#### DATA TO EXAMINE:
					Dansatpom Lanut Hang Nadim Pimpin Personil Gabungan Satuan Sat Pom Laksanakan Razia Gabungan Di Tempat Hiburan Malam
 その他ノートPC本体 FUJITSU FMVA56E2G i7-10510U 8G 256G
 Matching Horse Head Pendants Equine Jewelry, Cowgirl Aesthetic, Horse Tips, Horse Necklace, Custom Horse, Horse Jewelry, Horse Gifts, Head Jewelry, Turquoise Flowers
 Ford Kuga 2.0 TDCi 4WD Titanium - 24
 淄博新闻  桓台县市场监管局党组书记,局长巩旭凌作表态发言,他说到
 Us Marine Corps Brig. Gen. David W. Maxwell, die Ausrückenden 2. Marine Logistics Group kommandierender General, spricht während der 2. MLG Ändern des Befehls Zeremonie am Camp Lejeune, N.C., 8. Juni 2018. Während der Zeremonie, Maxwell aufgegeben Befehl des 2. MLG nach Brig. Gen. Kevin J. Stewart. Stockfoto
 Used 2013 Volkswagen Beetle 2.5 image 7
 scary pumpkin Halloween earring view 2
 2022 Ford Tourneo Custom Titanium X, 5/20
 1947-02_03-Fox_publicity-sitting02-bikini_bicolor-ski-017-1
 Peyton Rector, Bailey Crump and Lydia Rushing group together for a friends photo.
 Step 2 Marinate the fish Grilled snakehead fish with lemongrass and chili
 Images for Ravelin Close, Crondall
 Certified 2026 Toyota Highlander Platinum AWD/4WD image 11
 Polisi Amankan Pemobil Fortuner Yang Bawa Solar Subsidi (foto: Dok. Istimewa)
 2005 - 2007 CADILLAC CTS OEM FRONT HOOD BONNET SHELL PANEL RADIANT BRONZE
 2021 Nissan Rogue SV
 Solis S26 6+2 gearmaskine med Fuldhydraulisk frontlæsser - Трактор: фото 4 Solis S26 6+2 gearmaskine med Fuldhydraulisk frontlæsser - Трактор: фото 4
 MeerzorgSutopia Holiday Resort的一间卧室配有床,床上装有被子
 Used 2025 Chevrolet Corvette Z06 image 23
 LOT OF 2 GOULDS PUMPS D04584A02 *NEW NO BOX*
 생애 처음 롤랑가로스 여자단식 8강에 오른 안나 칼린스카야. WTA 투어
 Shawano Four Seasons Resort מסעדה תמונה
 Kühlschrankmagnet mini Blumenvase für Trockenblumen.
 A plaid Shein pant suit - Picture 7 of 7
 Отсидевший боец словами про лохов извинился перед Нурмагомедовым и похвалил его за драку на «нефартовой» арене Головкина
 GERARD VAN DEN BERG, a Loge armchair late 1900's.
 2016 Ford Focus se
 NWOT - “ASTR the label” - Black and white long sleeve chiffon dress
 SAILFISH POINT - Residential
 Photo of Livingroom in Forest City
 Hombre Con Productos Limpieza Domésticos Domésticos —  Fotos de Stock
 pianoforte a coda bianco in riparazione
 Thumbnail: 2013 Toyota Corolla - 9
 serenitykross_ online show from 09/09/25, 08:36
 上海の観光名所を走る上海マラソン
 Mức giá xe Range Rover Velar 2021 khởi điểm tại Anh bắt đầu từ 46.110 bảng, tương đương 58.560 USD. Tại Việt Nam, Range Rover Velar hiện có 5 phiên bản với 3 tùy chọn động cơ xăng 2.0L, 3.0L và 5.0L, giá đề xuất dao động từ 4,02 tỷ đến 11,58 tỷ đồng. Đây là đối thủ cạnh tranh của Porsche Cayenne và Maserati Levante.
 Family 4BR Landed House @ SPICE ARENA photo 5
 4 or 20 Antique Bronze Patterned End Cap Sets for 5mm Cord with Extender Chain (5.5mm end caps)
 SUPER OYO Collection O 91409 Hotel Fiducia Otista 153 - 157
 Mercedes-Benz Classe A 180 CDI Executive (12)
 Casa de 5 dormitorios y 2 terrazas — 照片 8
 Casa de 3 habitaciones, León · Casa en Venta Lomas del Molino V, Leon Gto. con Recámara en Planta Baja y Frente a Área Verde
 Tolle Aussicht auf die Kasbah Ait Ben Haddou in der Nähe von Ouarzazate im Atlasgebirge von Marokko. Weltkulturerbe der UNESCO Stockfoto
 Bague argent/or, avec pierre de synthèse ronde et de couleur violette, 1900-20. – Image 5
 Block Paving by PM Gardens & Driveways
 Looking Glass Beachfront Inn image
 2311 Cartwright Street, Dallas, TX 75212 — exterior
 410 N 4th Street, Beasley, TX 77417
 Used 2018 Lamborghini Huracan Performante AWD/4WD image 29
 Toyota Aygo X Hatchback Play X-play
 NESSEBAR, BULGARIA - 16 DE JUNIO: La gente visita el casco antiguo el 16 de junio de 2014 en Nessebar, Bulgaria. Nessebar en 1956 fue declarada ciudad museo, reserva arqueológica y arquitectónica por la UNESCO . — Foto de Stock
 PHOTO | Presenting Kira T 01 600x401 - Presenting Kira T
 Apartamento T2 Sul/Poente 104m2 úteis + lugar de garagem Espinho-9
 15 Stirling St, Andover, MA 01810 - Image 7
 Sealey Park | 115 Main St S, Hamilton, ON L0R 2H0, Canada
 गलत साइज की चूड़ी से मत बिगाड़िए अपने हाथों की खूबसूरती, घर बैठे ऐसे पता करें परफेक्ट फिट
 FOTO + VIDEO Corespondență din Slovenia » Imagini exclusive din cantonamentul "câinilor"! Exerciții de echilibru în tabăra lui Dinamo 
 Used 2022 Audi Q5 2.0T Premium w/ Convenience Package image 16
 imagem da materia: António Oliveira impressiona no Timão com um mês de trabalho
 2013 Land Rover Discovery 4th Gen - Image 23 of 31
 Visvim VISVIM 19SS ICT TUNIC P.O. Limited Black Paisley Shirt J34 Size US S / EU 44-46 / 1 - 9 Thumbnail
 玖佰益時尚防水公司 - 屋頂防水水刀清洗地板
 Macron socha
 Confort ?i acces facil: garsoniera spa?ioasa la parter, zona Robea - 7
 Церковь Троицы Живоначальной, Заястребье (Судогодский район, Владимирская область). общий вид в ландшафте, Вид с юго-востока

#### ASSIGNMENT:
The records must be given again in full, exactly as they were written.

#### YOUR RESPONSE:
					Dansatpom Lanut Hang Nadim Pimpin Personil Gabungan Satuan Sat Pom Laksanakan Razia Gabungan Di Tempat Hiburan Malam
 その他ノートPC本体 FUJITSU FMVA56E2G i7-10510U 8G 256G
 Matching Horse Head Pendants Equine Jewelry, Cowgirl Aesthetic, Horse Tips, Horse Necklace, Custom Horse, Horse Jewelry, Horse Gifts, Head Jewelry, Turquoise Flowers
 Ford Kuga 2.0 TDCi 4WD Titanium - 24
 淄博新闻  桓台县市场监管局党组书记,局长巩旭凌作表态发言,他说到
 Us Marine Corps Brig. Gen. David W. Maxwell, die Ausrückenden 2. Marine Logistics Group kommandierender General, spricht während der 2. MLG Ändern des Befehls Zeremonie am Camp Lejeune, N.C., 8. Juni 2018. Während der Zeremonie, Maxwell aufgegeben Befehl des 2. MLG nach Brig. Gen. Kevin J. Stewart. Stockfoto
 Used 2013 Volkswagen Beetle 2.5 image 7
 scary pumpkin Halloween earring view 2
 2022 Ford Tourneo Custom Titanium X, 5/20
 1947-02_03-Fox_publicity-sitting02-bikini_bicolor-ski-017-1
 Peyton Rector, Bailey Crump and Lydia Rushing group together for a friends photo.
 Step 2 Marinate the fish Grilled snakehead fish with lemongrass and chili
 Images for Ravelin Close, Crondall
 Certified 2026 Toyota Highlander Platinum AWD/4WD image 11
 Polisi Amankan Pemobil Fortuner Yang Bawa Solar Subsidi (foto: Dok. Istimewa)
 2005 - 2007 CADILLAC CTS OEM FRONT HOOD BONNET SHELL PANEL RADIANT BRONZE
 2021 Nissan Rogue SV
 Solis S26 6+2 gearmaskine med Fuldhydraulisk frontlæsser - Трактор: фото 4 Solis S26 6+2 gearmaskine med Fuldhydraulisk frontlæsser - Трактор: фото 4
 MeerzorgSutopia Holiday Resort的一间卧室配有床,床上装有被子
 Used 2025 Chevrolet Corvette Z06 image 23
 LOT OF 2 GOULDS PUMPS D04584A02 *NEW NO BOX*
 생애 처음 롤랑가로스 여자단식 8강에 오른 안나 칼린스카야. WTA 투어
 Shawano Four Seasons Resort מסעדה תמונה
 Kühlschrankmagnet mini Blumenvase für Trockenblumen.
 A plaid Shein pant suit - Picture 7 of 7
 Отсидевший боец словами про лохов извинился перед Нурмагомедовым и похвалил его за драку на «нефартовой» арене Головкина
 GERARD VAN DEN BERG, a Loge armchair late 1900's.
 2016 Ford Focus se
 NWOT - “ASTR the label” - Black and white long sleeve chiffon dress
 SAILFISH POINT - Residential
 Photo of Livingroom in Forest City
 Hombre Con Productos Limpieza Domésticos Domésticos —  Fotos de Stock
 pianoforte a coda bianco in riparazione
 Thumbnail: 2013 Toyota Corolla - 9
 serenitykross_ online show from 09/09/25, 08:36
 上海の観光名所を走る上海マラソン
 Mức giá xe Range Rover Velar 2021 khởi điểm tại Anh bắt đầu từ 46.110 bảng, tương đương 58.560 USD. Tại Việt Nam, Range Rover Velar hiện có 5 phiên bản với 3 tùy chọn động cơ xăng 2.0L, 3.0L và 5.0L, giá đề xuất dao động từ 4,02 tỷ đến 11,58 tỷ đồng. Đây là đối thủ cạnh tranh của Porsche Cayenne và Maserati Levante.
 Family 4BR Landed House @ SPICE ARENA photo 5
 4 or 20 Antique Bronze Patterned End Cap Sets for 5mm Cord with Extender Chain (5.5mm end caps)
 SUPER OYO Collection O 91409 Hotel Fiducia Otista 153 - 157
 Mercedes-Benz Classe A 180 CDI Executive (12)
 Casa de 5 dormitorios y 2 terrazas — 照片 8
 Casa de 3 habitaciones, León · Casa en Venta Lomas del Molino V, Leon Gto. con Recámara en Planta Baja y Frente a Área Verde
 Tolle Aussicht auf die Kasbah Ait Ben Haddou in der Nähe von Ouarzazate im Atlasgebirge von Marokko. Weltkulturerbe der UNESCO Stockfoto
 Bague argent/or, avec pierre de synthèse ronde et de couleur violette, 1900-20. – Image 5
 Block Paving by PM Gardens & Driveways
 Looking Glass Beachfront Inn image
 2311 Cartwright Street, Dallas, TX 75212 — exterior
 410 N 4th Street, Beasley, TX 77417
 Used 2018 Lamborghini Huracan Performante AWD/4WD image 29
 Toyota Aygo X Hatchback Play X-play
 NESSEBAR, BULGARIA - 16 DE JUNIO: La gente visita el casco antiguo el 16 de junio de 2014 en Nessebar, Bulgaria. Nessebar en 1956 fue declarada ciudad museo, reserva arqueológica y arquitectónica por la UNESCO . — Foto de Stock
 PHOTO | Presenting Kira T 01 600x401 - Presenting Kira T
 Apartamento T2 Sul/Poente 104m2 úteis + lugar de garagem Espinho-9
 15 Stirling St, Andover, MA 01810 - Image 7
 Sealey Park | 115 Main St S, Hamilton, ON L0R 2H0, Canada
 गलत साइज की चूड़ी से मत बिगाड़िए अपने हाथों की खूबसूरती, घर बैठे ऐसे पता करें परफेक्ट फिट
 FOTO + VIDEO Corespondență din Slovenia » Imagini exclusive din cantonamentul "câinilor"! Exerciții de echilibru în tabăra lui Dinamo 
 Used 2022 Audi Q5 2.0T Premium w/ Convenience Package image 16
 imagem da materia: António Oliveira impressiona no Timão com um mês de trabalho
 2013 Land Rover Discovery 4th Gen - Image 23 of 31
 Visvim VISVIM 19SS ICT TUNIC P.O. Limited Black Paisley Shirt J34 Size US S / EU 44-46 / 1 - 9 Thumbnail
 玖佰益時尚防水公司 - 屋頂防水水刀清洗地板
 Macron socha
 Confort ?i acces facil: garsoniera spa?ioasa la parter, zona Robea - 7
 Церковь Троицы Живоначальной, Заястребье (Судогодский район, Владимирская область). общий вид в ландшафте, Вид с юго-востока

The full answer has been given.